Repeat the listing below line by line, exactly, leaving its pictures behind.

--- Data block ---

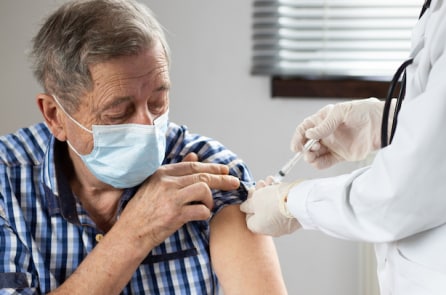 Một người đàn ông nhiễm COVID-19 và nguy kịch dù đã tiêm vắc-xin Johnson & Johnson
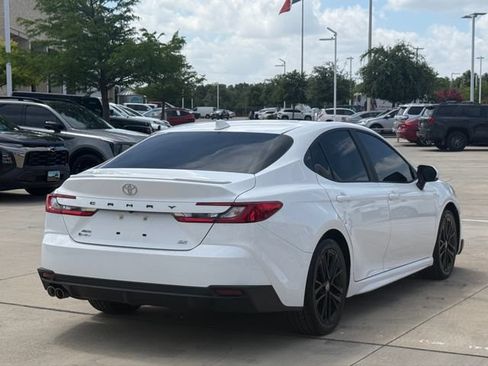 Used 2025 Toyota Camry SE AWD/4WD image 4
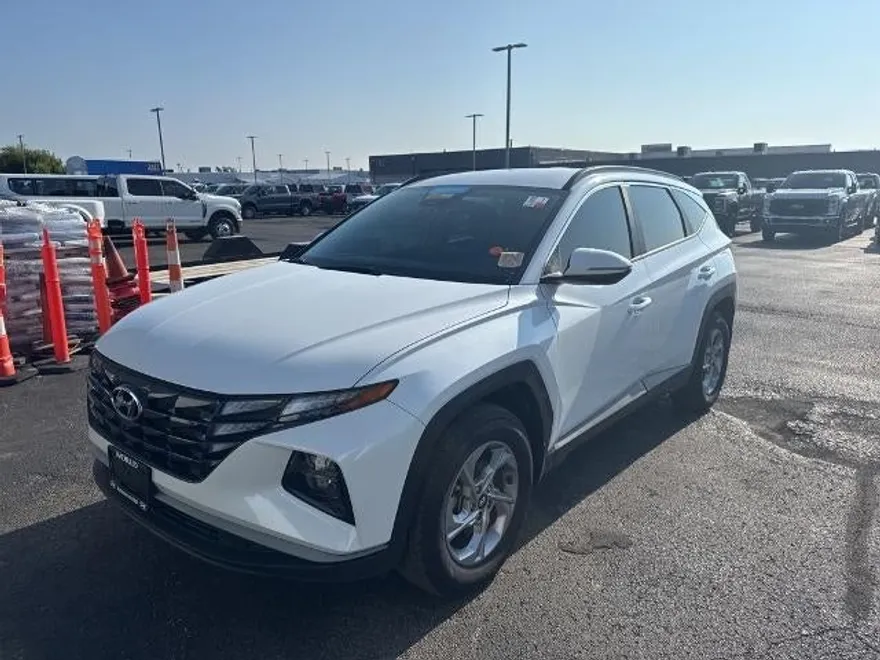2022 Hyundai Tucson SEL photo 1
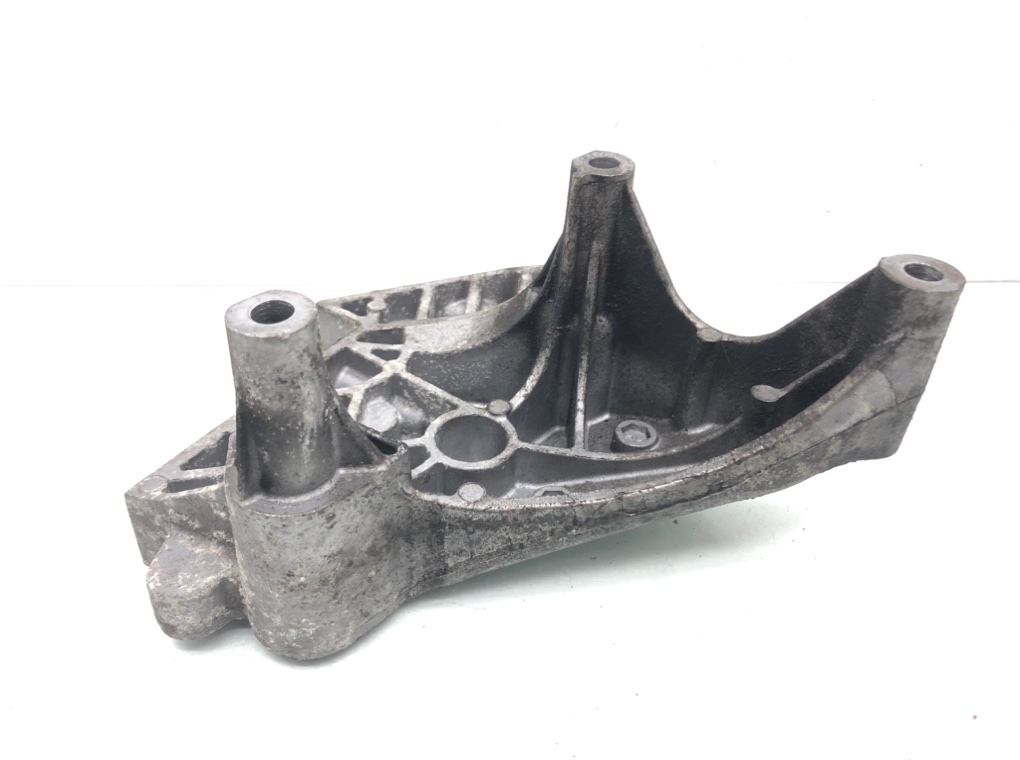 Кронштейн двигателя для Audi A3, 2006 г. 1.6 i бензин б/у — фото 3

---

__Exercise result__:
 Một người đàn ông nhiễm COVID-19 và nguy kịch dù đã tiêm vắc-xin Johnson & Johnson
 Used 2025 Toyota Camry SE AWD/4WD image 4
2022 Hyundai Tucson SEL photo 1
 Кронштейн двигателя для Audi A3, 2006 г. 1.6 i бензин б/у — фото 3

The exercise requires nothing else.